DATASET EXTRACT Block Start

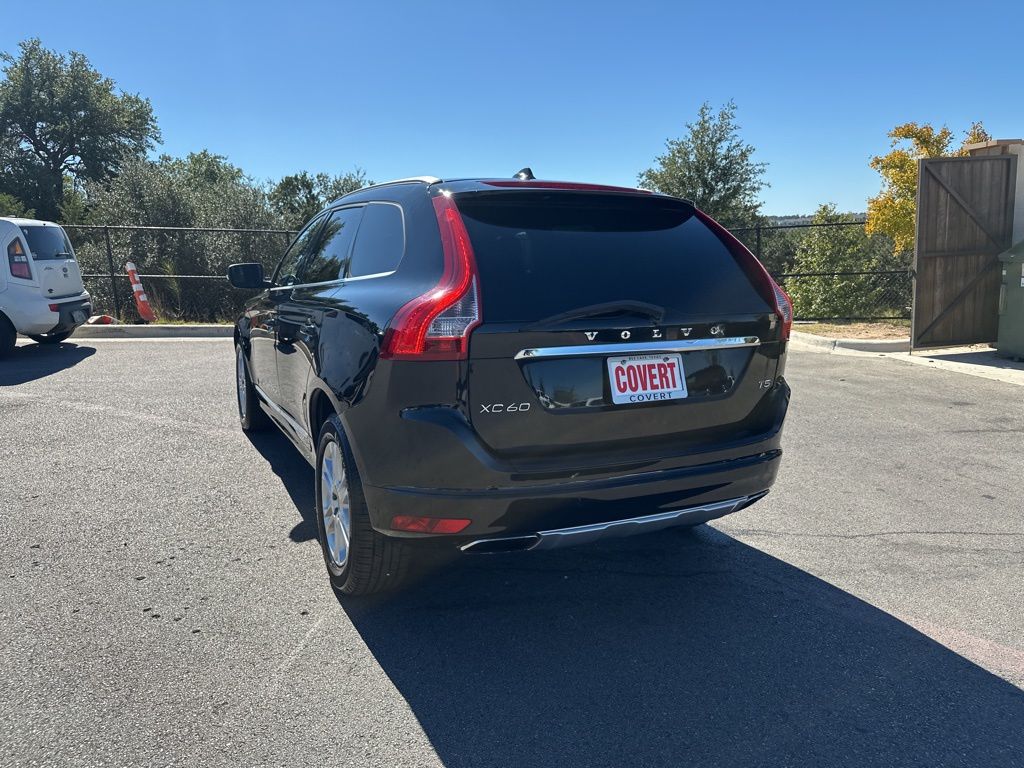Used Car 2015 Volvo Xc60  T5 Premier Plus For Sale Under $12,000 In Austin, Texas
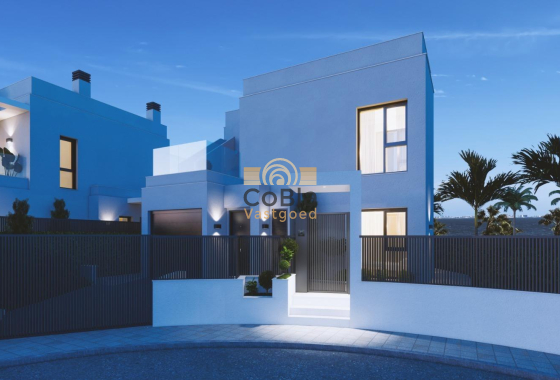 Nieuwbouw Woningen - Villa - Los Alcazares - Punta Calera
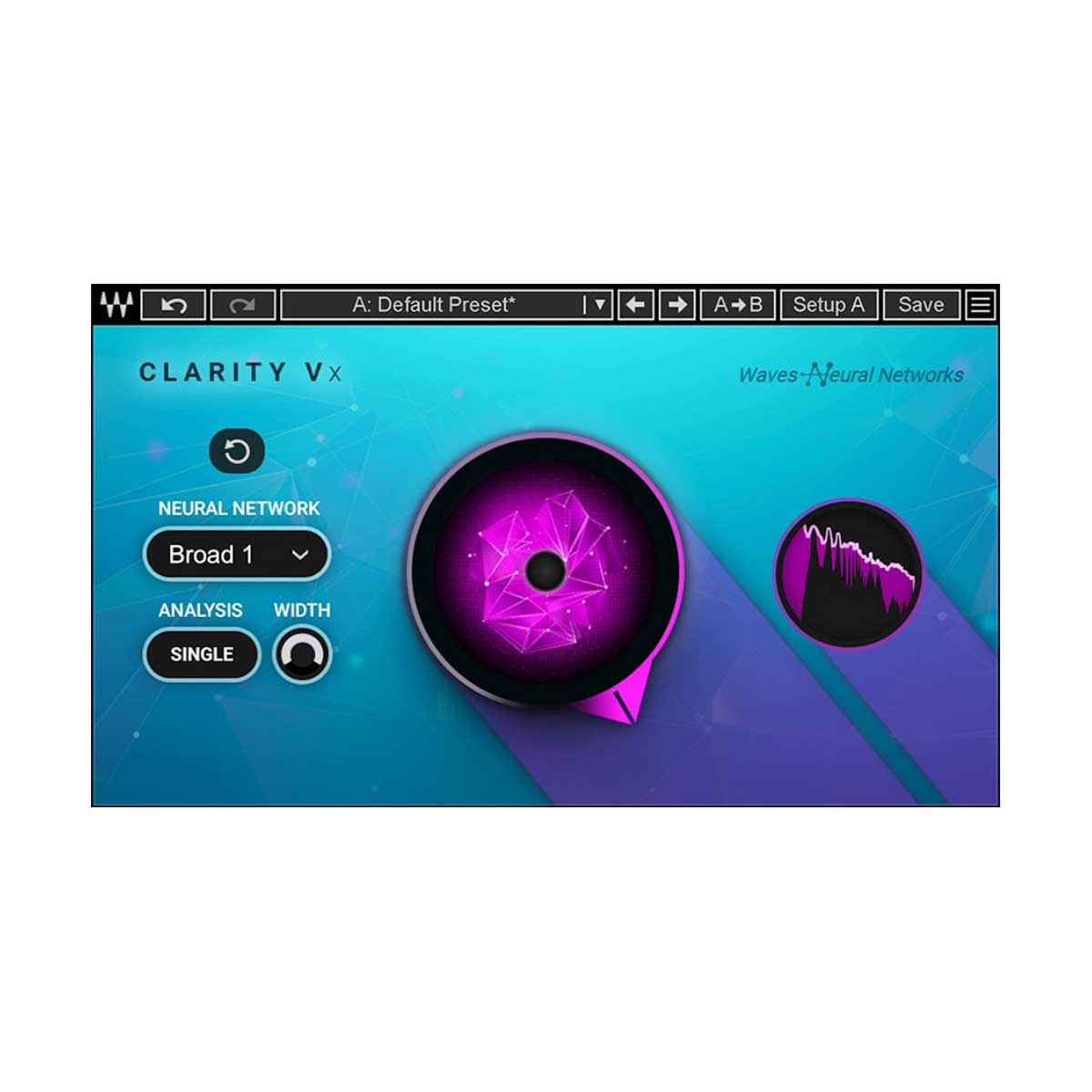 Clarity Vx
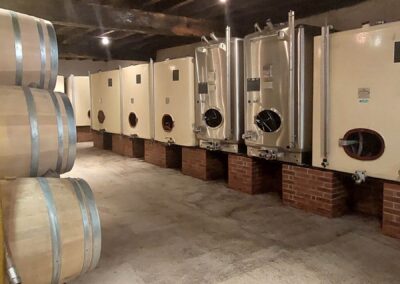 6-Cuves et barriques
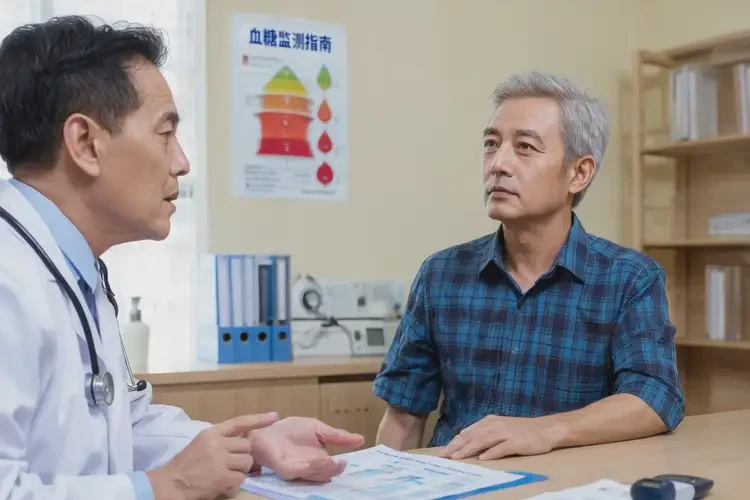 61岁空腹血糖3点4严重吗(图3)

DATASET EXTRACT Block End
DATASET EXTRACT Block Start

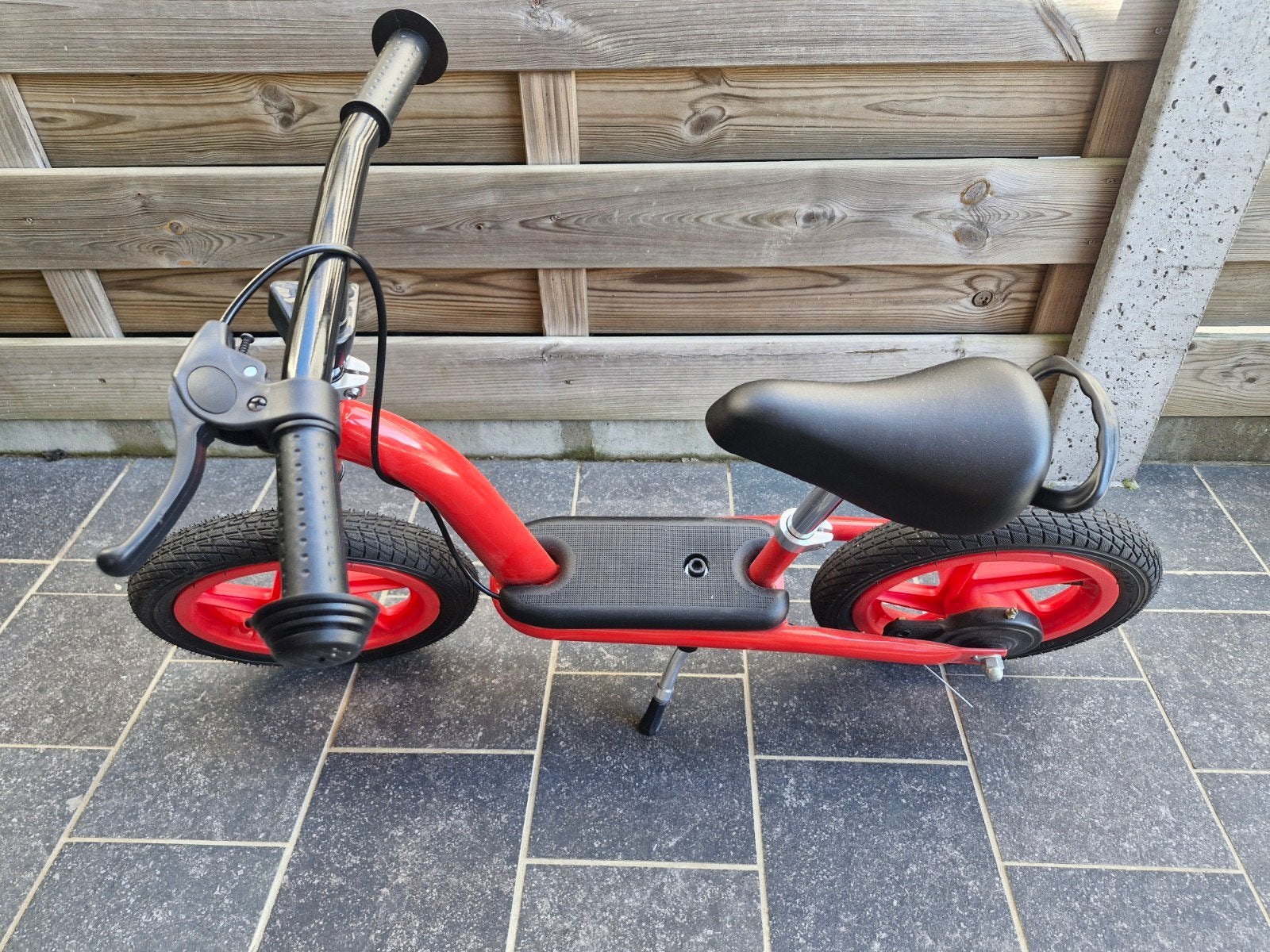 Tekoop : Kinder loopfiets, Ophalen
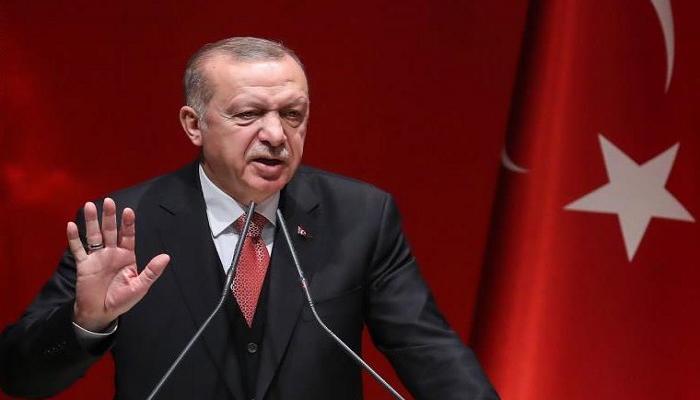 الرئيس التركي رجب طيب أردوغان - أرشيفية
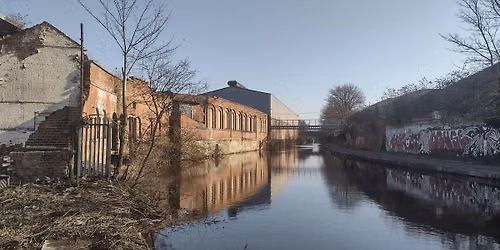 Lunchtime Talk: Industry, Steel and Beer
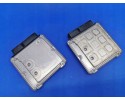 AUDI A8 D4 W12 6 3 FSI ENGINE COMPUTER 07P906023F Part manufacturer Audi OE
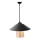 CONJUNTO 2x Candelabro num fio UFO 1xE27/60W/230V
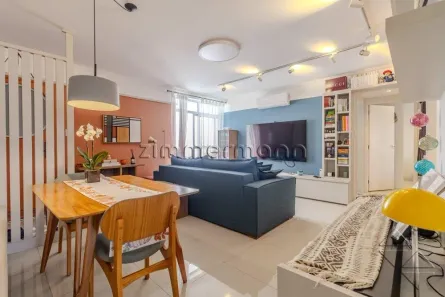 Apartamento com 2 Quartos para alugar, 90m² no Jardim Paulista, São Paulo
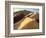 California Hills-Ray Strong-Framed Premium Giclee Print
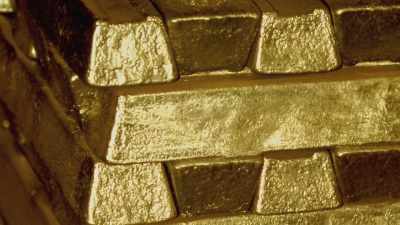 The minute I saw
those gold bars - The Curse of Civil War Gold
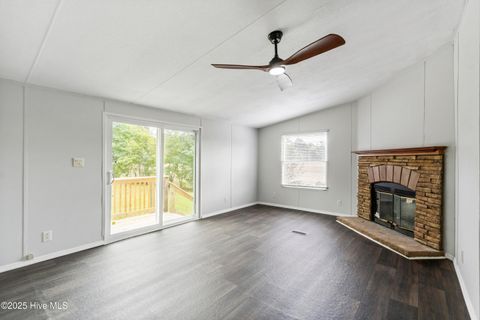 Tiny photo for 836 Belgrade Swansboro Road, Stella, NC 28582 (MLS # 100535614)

DATASET EXTRACT Block End
DATASET EXTRACT Block Start

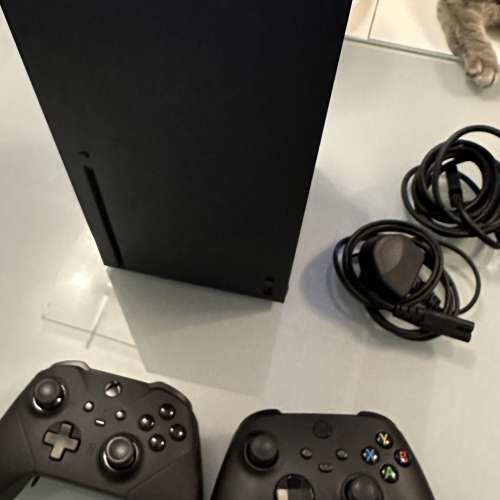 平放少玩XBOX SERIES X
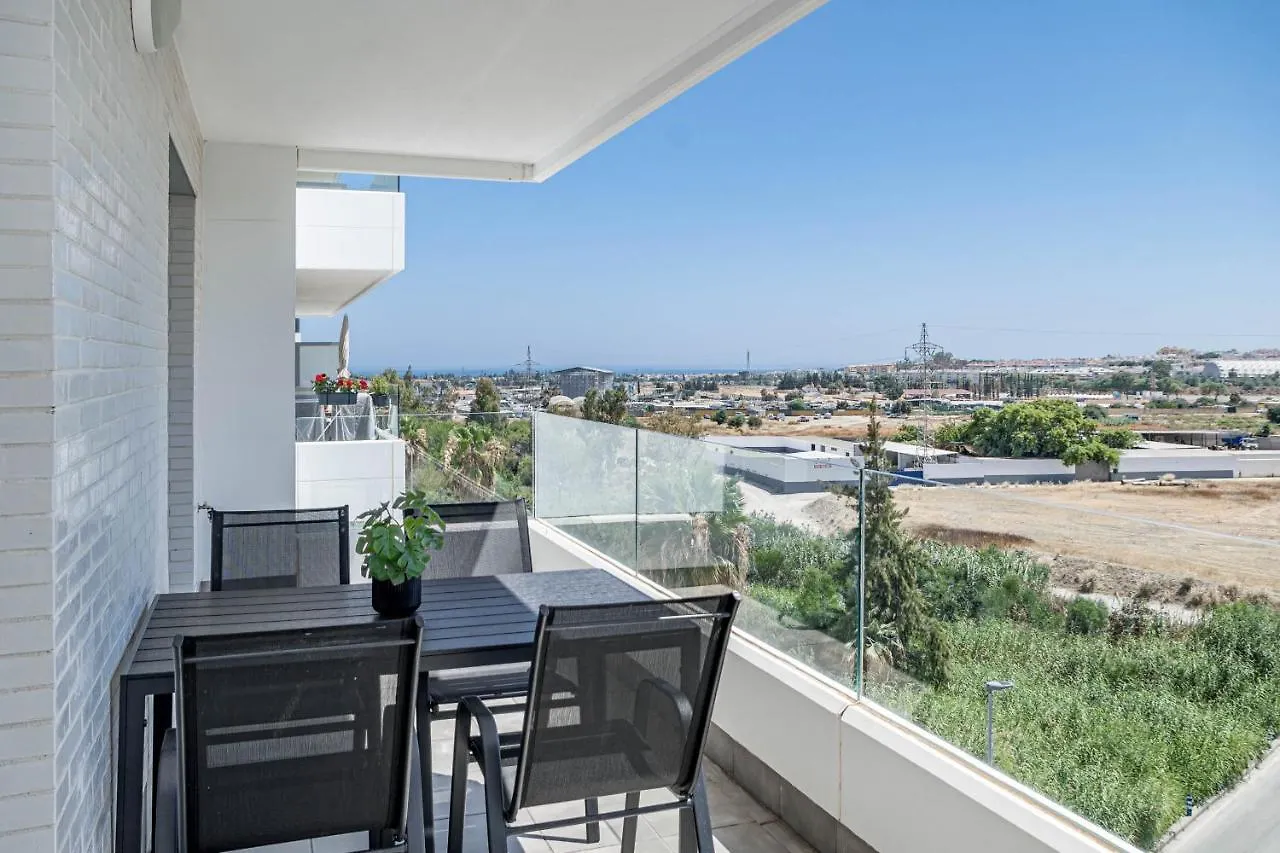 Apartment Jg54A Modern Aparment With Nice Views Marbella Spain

DATASET EXTRACT Block End

§ YOUR INSTRUCTIONS:
Nothing except the lines from the one containing "Used Car 2015" through the one containing "61岁空腹血糖3点4严重吗(图3)" should appear in the answer, exactly as above and without pictures.

§ RESPONSE:
Used Car 2015 Volvo Xc60  T5 Premier Plus For Sale Under $12,000 In Austin, Texas
 Nieuwbouw Woningen - Villa - Los Alcazares - Punta Calera
 Clarity Vx
 6-Cuves et barriques
 61岁空腹血糖3点4严重吗(图3)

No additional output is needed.